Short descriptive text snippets
•••••
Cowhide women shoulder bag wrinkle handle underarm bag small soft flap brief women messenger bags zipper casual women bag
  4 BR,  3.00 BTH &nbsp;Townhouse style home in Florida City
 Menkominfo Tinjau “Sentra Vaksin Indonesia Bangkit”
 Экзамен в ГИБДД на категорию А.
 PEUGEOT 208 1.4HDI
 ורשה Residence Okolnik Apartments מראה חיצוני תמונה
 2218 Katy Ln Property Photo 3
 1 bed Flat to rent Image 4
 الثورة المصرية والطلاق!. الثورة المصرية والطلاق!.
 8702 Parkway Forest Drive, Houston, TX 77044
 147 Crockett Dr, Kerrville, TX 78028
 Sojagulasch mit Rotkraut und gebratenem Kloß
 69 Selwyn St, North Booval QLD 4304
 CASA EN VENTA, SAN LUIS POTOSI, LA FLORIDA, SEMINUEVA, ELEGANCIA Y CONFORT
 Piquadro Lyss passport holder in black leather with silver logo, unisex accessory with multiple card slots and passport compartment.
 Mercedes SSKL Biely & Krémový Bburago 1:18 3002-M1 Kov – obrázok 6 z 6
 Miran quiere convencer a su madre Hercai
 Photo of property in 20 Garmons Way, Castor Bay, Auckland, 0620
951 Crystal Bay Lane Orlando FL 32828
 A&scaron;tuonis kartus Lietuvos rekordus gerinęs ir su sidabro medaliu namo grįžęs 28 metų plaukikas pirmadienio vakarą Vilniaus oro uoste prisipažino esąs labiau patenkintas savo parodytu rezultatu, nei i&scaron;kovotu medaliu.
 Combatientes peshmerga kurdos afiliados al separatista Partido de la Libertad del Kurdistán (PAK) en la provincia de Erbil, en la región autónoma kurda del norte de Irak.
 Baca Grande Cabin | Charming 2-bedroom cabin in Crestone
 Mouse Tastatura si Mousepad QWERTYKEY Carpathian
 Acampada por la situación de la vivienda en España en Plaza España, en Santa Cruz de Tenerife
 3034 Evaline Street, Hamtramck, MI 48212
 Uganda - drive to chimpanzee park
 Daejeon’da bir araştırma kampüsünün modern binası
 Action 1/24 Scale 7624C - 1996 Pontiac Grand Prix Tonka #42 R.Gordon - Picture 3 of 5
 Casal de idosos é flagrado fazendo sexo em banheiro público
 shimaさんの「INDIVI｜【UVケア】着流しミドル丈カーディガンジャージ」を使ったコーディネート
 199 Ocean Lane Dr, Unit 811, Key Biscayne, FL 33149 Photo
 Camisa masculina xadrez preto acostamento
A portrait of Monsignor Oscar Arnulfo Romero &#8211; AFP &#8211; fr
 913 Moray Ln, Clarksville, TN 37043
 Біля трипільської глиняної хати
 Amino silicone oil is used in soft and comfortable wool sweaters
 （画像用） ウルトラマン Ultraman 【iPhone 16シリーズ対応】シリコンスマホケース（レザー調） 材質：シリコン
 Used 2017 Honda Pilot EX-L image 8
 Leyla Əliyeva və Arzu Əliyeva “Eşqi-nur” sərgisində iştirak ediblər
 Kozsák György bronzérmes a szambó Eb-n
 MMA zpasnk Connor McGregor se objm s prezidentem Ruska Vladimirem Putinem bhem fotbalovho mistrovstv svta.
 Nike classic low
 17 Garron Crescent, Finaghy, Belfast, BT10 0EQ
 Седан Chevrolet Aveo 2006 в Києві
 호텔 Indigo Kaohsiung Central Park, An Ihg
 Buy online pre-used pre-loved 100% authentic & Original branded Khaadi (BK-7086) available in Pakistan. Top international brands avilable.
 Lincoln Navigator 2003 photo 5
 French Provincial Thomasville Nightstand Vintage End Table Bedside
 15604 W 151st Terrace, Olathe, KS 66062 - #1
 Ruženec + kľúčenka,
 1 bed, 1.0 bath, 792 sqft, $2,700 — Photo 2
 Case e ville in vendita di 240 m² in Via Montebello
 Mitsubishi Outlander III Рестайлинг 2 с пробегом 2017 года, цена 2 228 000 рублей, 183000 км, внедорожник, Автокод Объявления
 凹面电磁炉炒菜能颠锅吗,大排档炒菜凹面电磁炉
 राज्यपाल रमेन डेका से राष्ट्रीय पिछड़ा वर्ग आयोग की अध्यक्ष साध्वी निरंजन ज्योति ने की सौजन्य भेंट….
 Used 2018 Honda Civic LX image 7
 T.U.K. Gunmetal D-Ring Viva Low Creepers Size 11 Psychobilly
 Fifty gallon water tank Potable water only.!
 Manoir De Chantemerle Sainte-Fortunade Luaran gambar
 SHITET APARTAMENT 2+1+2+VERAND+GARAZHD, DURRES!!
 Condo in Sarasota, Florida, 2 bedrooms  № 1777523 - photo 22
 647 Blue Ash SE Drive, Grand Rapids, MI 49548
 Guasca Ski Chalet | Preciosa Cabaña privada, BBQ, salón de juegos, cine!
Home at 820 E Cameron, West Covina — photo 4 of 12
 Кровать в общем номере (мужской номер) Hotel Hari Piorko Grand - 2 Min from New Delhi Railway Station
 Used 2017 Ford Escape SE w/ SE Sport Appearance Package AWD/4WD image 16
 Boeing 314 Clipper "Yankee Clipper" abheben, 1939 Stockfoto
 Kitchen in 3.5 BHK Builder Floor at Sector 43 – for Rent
•••••
_TASK OBJECTIVE_
In the entries above, the lines from the one bearing "Mouse Tastatura si" up to and including the one bearing "Leyla Əliyeva və" should be transcribed exactly; no other line is wanted.

_TASK RESPONSE_
 Mouse Tastatura si Mousepad QWERTYKEY Carpathian
 Acampada por la situación de la vivienda en España en Plaza España, en Santa Cruz de Tenerife
 3034 Evaline Street, Hamtramck, MI 48212
 Uganda - drive to chimpanzee park
 Daejeon’da bir araştırma kampüsünün modern binası
 Action 1/24 Scale 7624C - 1996 Pontiac Grand Prix Tonka #42 R.Gordon - Picture 3 of 5
 Casal de idosos é flagrado fazendo sexo em banheiro público
 shimaさんの「INDIVI｜【UVケア】着流しミドル丈カーディガンジャージ」を使ったコーディネート
 199 Ocean Lane Dr, Unit 811, Key Biscayne, FL 33149 Photo
 Camisa masculina xadrez preto acostamento
A portrait of Monsignor Oscar Arnulfo Romero &#8211; AFP &#8211; fr
 913 Moray Ln, Clarksville, TN 37043
 Біля трипільської глиняної хати
 Amino silicone oil is used in soft and comfortable wool sweaters
 （画像用） ウルトラマン Ultraman 【iPhone 16シリーズ対応】シリコンスマホケース（レザー調） 材質：シリコン
 Used 2017 Honda Pilot EX-L image 8
 Leyla Əliyeva və Arzu Əliyeva “Eşqi-nur” sərgisində iştirak ediblər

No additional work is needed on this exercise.